Notwithstanding the great respect due to the court which has reached a contrary conclusion in Clancy v. Barker, supra, we conclude that our former decision ought to be adhered to.

FORMER JUDGMENT ADHERED TO.

DISSENT BY: BARNES

BARNES J., dissenting.

In this case I find myself unable to concur in the majority opinion, which adheres to our former decision. While I concurred in that decision when it was rendered, on a reexamination of the question as presented on the rehearing, I am convinced that the defendant should not be held liable. The facts which are the basis of the plaintiff's cause of action, briefly stated, are as follows: The plaintiff, Michael F. Clancy and his wife, with their infant son Freeman, who was about six years old, were stopping at the Barker hotel in the city of Omaha, and had been guests at the hotel for several days prior to the accident complained of. About 8:30 o'clock of the evening of January 15, 1902, Freeman left his mother's room and went down the elevator to the first floor of the hotel, as he says, "To get some ice water." Reaching that floor, he passed by a room where a boy of the name of Lacy, who was employed as a porter or bellboy at the hotel, was playing a harmonica; the door being ajar he entered this room, apparently to satisfy his childish curiosity; another boy, who sometimes ran the elevator, was also in the room; both of these employees seem to have been off duty at the time, and engaged in amusing themselves in a room not occupied by any of the guests of the house. As the Clancy boy entered the room, young Lacy said to him, apparently in jest, "See here, young fellow, if you touch anything, this is what you get," at the same time pointing a pistol at him. The pistol was at that instant accidentally discharged, the ball striking the boy Freeman in the head, destroying one of his eyes and inflicting other injuries upon him which, however, did not prove fatal; and this action was brought by the father to recover damages alleged to have been sustained by him by reason of these facts.

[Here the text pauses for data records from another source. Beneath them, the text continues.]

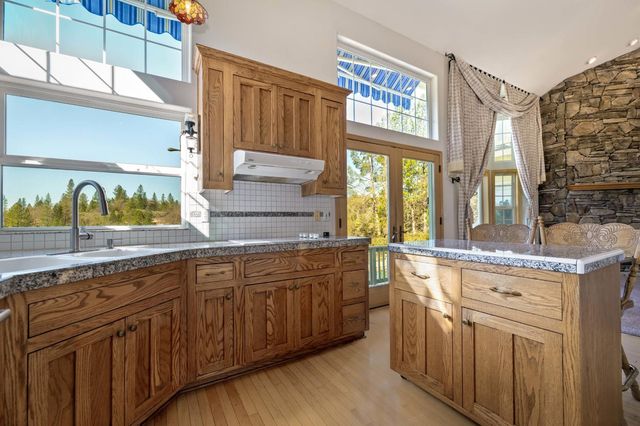 13922 Auburn Rd, Grass Valley, CA 95949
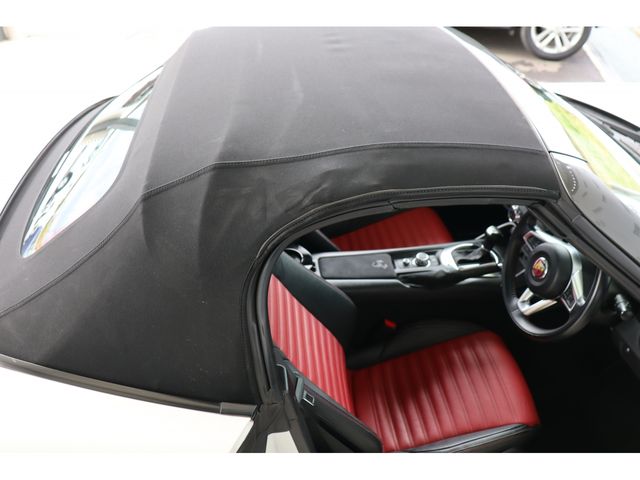 Abarth 124 Spider 2017-07 196604-11
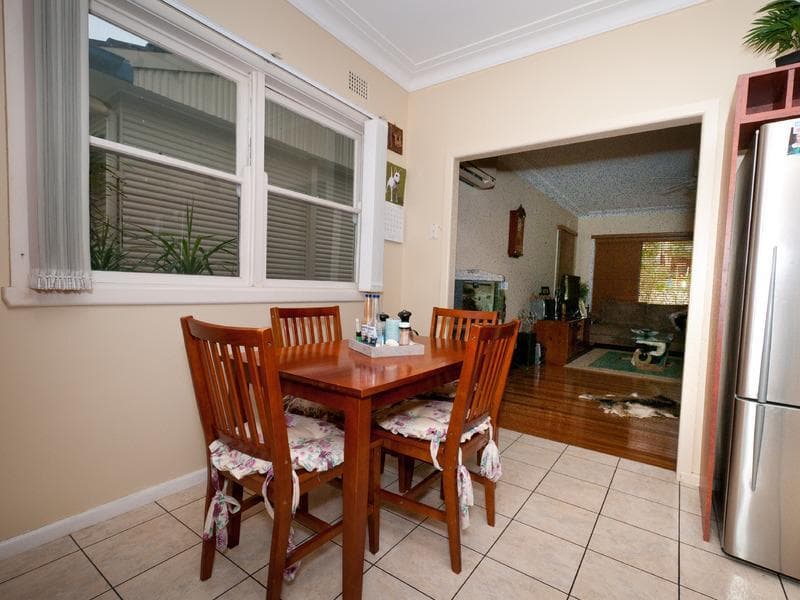 8/113-117																										Duncan Street
														
								Maroubra, NSW 2035, Port Macquarie - Thumbnail 6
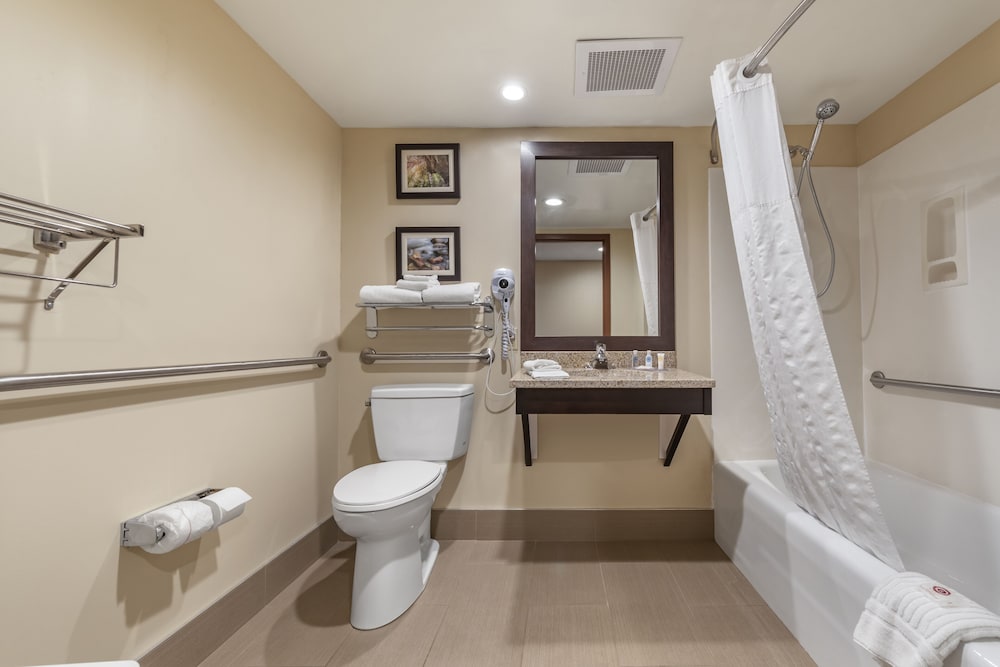 Comfort Inn & Suites Morehead 10/28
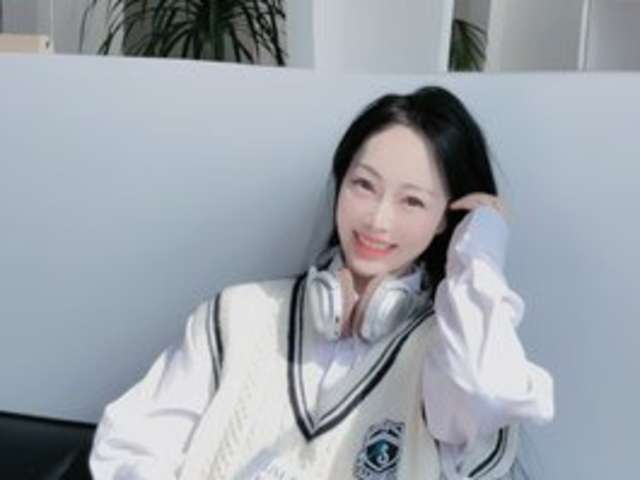 go to chat with liana-36c-173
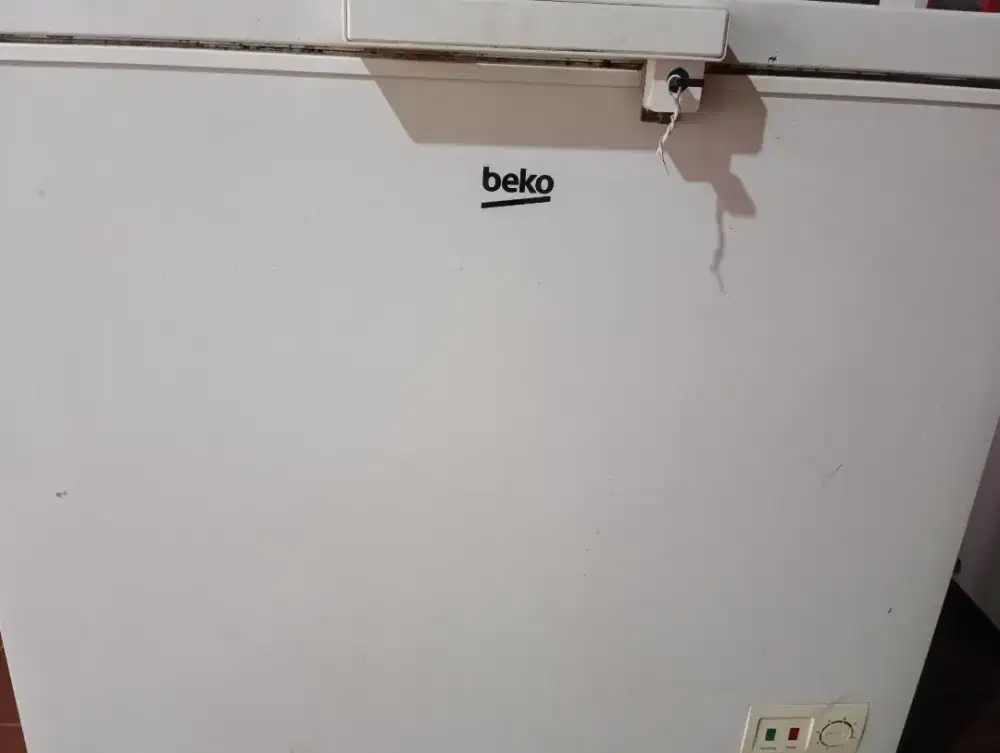 frezeer beko 200 L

The prevailing opinion does not place the right of recovery in this case on the ground of negligence or tort, for no negligence on the part of the defendants is alleged or proved; but bases such right solely on an alleged breach of the implied contract of an innkeeper that his guest shall be treated with due consideration for his comfort and safety; and so holds the proprietors of the hotel liable to both the father and his infant son for the damages sustained by them.

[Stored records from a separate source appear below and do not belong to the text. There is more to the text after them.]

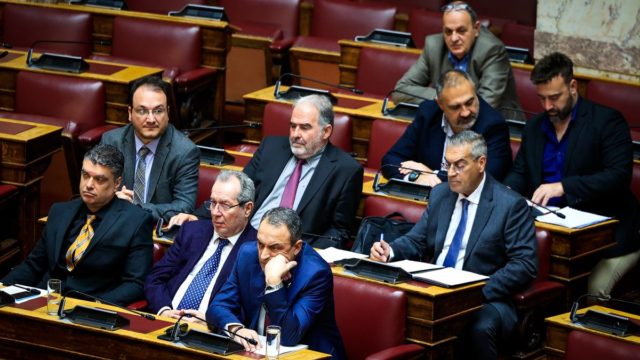 Καταρρέουν οι Σπαρτιάτες: Έμειναν με 5  βουλευτές – Ανεξαρτητοποιήθηκε ο Μιχαήλ Γαυγιωτάκης, αποχώρησε και ο Γεώργιος Ασπιώτης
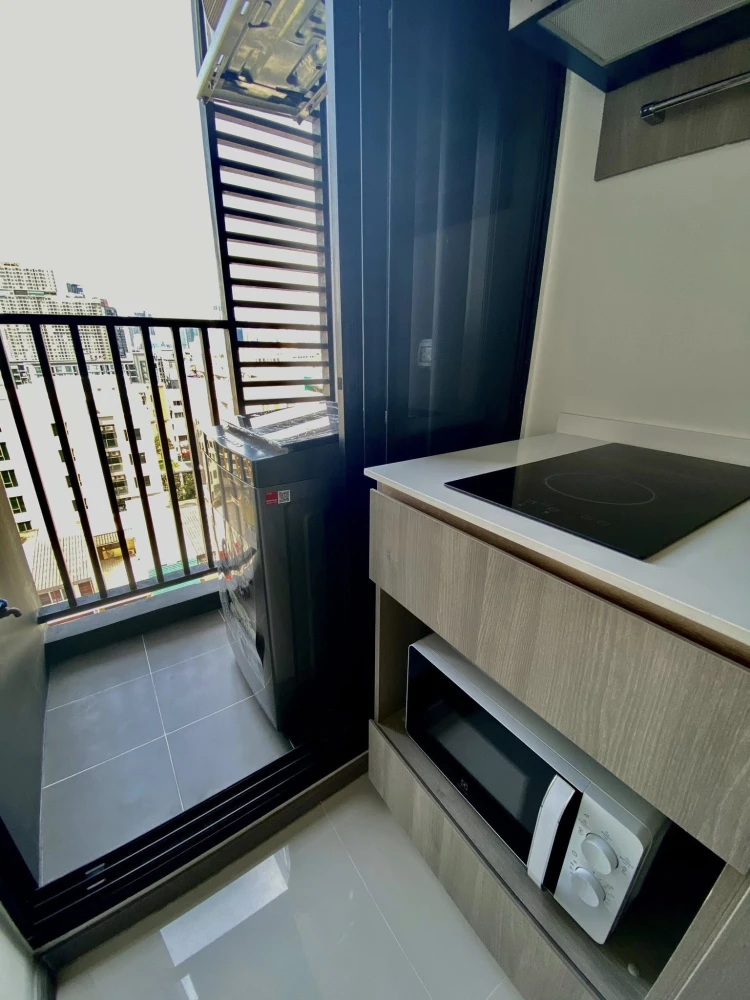 For sale/rent: Knightsbridge Kaset Society. Nice unit with city view, fully furnished and equipped. Book now!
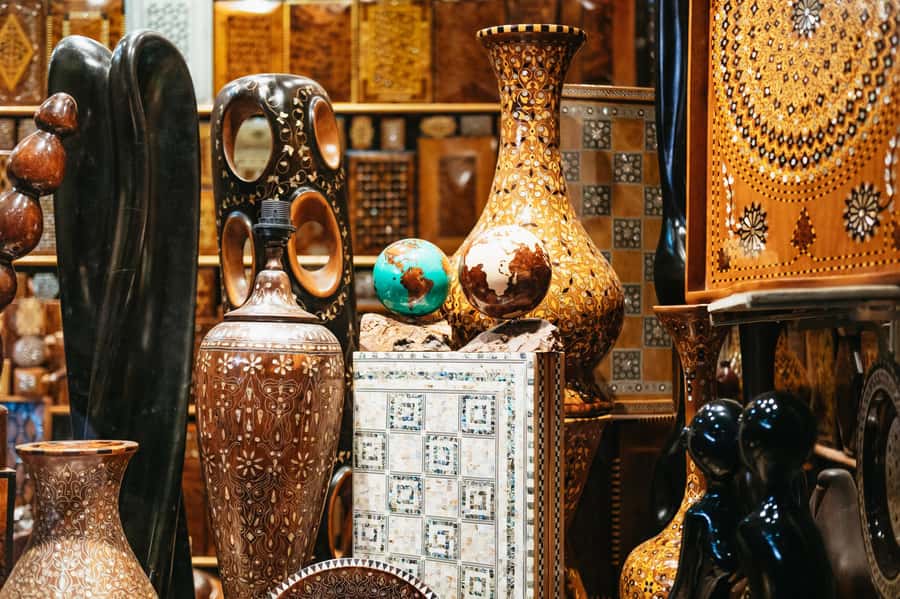Marrakech: Colorful Medina Souks Guided Walking Tour - Shared tour or private walk?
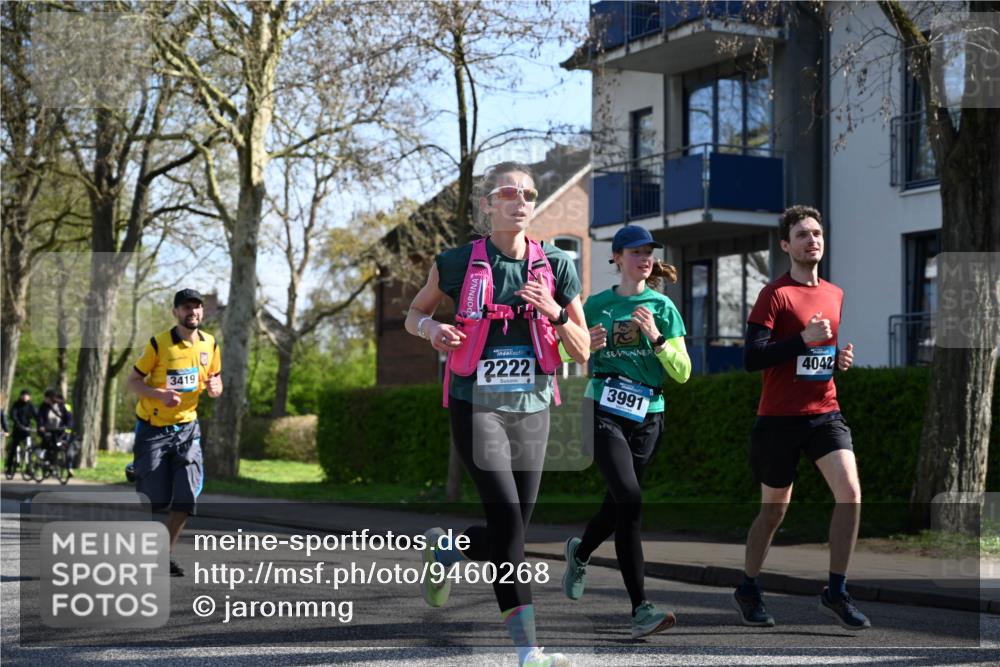 12.04.2026 - 45. Internationalen Wilhelmsburger Insellauf J. Mangold http://msf.ph/oto/9460268 12.04.2026 10:42:09 Ziel 4615, 2222, 3419, 4042, 3991, 2262, 2263, 2252, 3091, 5442, 5273 meine-sportfotos.de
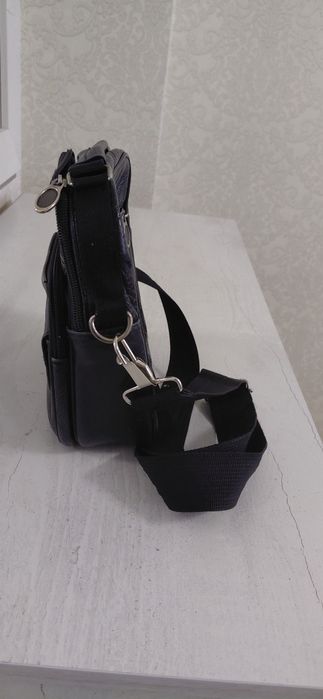 Прадаю Мужской  барсетку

It must be conceded that, until recent years, the whole trend of authority supported and adhered to the common law rule that an innkeeper is not an insurer of the safety of his guest against injury, and that his obligation is limited to the exercise of reasonable care for the safety, comfort and entertainment of his visitor. Calye's case, 8 Rep. (4 Coke) 32; Sandys v. Florence, 47 L.J.C.P. 598; Weeks v. McNulty, 101 Tenn. 495, 48 S.W. 809; Curtis v. Dinneen, 4 Dak. 245, 30 N.W. 148; Sheffer v. Willoughby, 163 Ill. 518, 45 N.E. 253; Gilbert v. Hoffman, 66 Iowa 205, 23 N.W. 632; Overstreet v. Moser, 88 Mo.App. 72; Stanley v. Bircher, 78 Mo. 246; Stott v. Churchill, 15 Misc. (N.Y.) 80, 36 N.Y.S. 476; Sneed v. Morehead, 70 Miss. 690, 13 So. 235. It is claimed, however, that the more recent cases have changed the rule, and to support this view we are referred, in the original opinion, to Rommel v. Schambacher, 120 Pa. 579, 11 A. 779. In that case it appears that on the evening of the 9th of August, 1884, the plaintiff, William Rommel, a minor, entered the tavern of Jacob Schambacher, and there found one Edward Flanagan; they both became intoxicated on the liquor furnished them by Schambacher. While the plaintiff was standing outside of the bar, engaged in conversation with the defendant, Flanagan pinned a piece of paper to his back and set it on fire. The consequence was that Rommel's clothes were soon in flames, and before they could be extinguished he was badly injured. On those facts it was held that the proprietor of a saloon is liable for injuries sustained by one who enters therein and becomes intoxicated, by reason of another, who also became intoxicated there, and who, in full view of the proprietor, attached a piece of paper to the former and set it on fire.

The sole ground of holding the proprietor liable was that he furnished the liquor which caused the intoxication of the two men, and allowed one of them, in his presence, to attach the paper to the other and set it on fire, when he could, and should, have prevented it. So it will be seen that there is nothing in the facts of that case, or in the matter actually decided, which supports the prevailing opinion.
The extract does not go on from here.